While not necessarily known as a prime duck hunting destination, Northwest Ontario is no pushover when it comes to duck hunting. Many flocks visit our lakes in the fall on their southern migration resting up and feeding on wild rice beds. The most common species we see are wood ducks, mallards, blue bills, teal and ring ducks. There are also large populations of Canada geese that make an appearance every fall. Bring your dog and enjoy quality hunting away from the crowds.

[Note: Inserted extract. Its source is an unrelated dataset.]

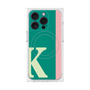 プレミアムスクエアケース with MagSafe［ オリジナル - initial color line - K green ］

Ruffed grouse are plentiful in Northwest Ontario. Recent years have seen an abundance of birds so hunters rarely have a problem bagging their limit of five in a day. A great strategy is to walk old logging trails to make contact with grouse. Most grouse have not seen people before and most will let you get close before they decide to run or fly. According to many people, ruffed grouse may be the best eating wild game in the woods and there is probably no better hunt to introduce kids to than hunting grouse. Though they exist in smaller numbers, the spruce grouse is available throughout most of Northwest Ontario also. They are similar size to a ruffed grouse with a beautiful colour scheme.